Provided material Block Start

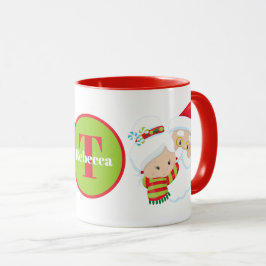Caneca Papais noeis festivos e a Sra. Claus acrescentam n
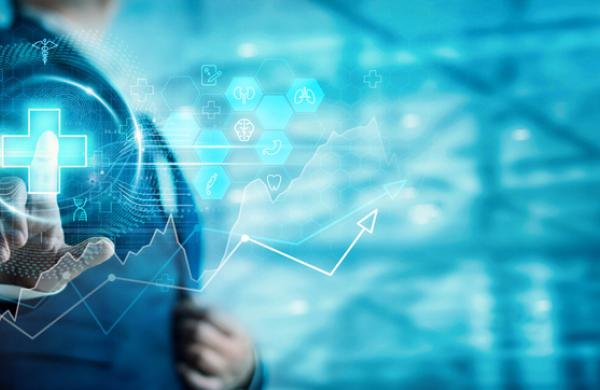 Businessman touch healthcare business network search for medical business service and health insurance. Digital healthcare technology support people health monitoring and global treatment business.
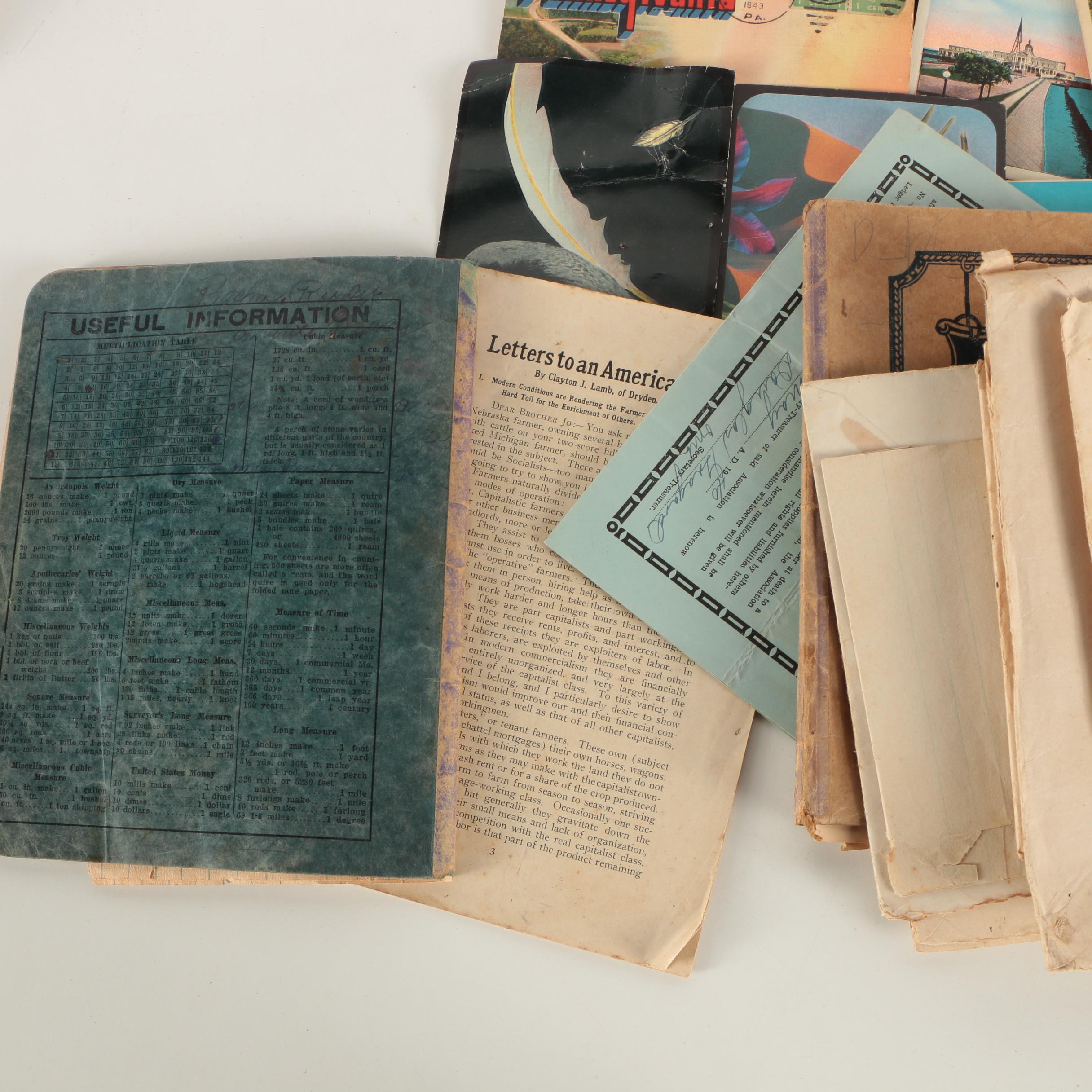 Collection of Vintage Postcards, Letters, Cards, and Ephemera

Provided material Block End

**What you are asked to do:** When you reach a picture, pass over it; write out all other material exactly.

**Answer for this exercise:**
Caneca Papais noeis festivos e a Sra. Claus acrescentam n
 Businessman touch healthcare business network search for medical business service and health insurance. Digital healthcare technology support people health monitoring and global treatment business.
 Collection of Vintage Postcards, Letters, Cards, and Ephemera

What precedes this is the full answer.